| Assignment |
Copy the data that appears below exactly. Drop the pictures.

| Raw data |

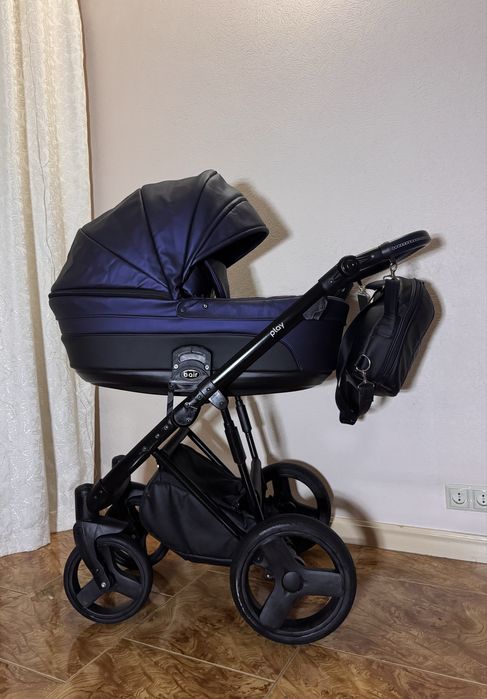 Продам детскую коляску 2 в 1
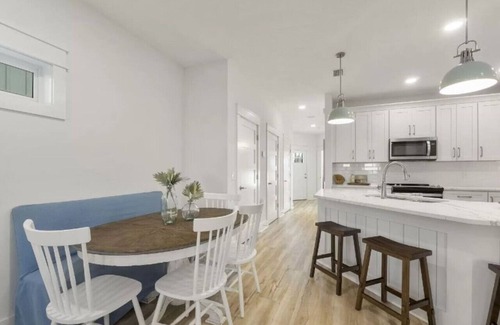 Bahama Beach House | Welcome to Wastin' Away! Prvt Pool 2Min wlk to Bch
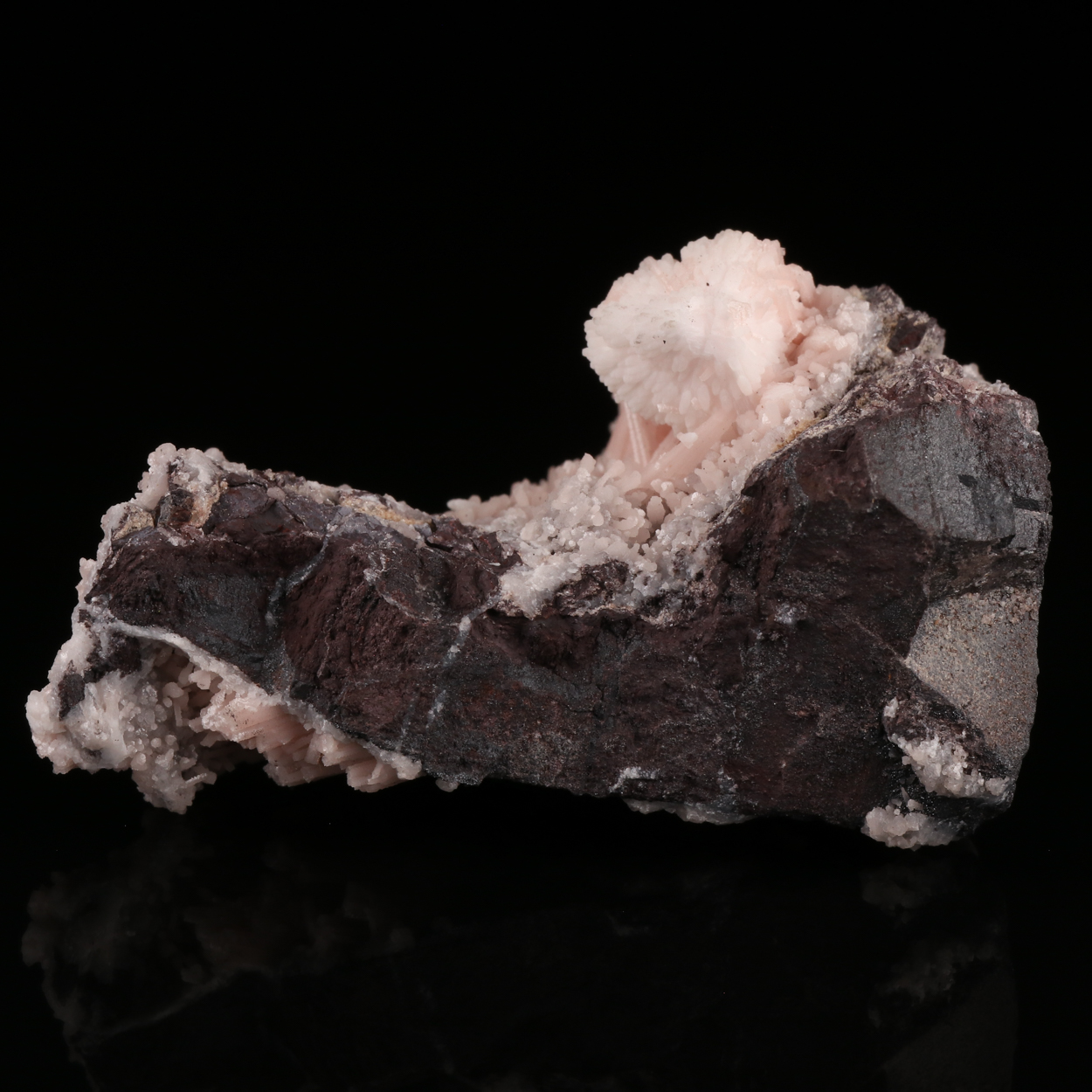 Calcite On Kutnohorite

| Task response |
 Продам детскую коляску 2 в 1
 Bahama Beach House | Welcome to Wastin' Away! Prvt Pool 2Min wlk to Bch
 Calcite On Kutnohorite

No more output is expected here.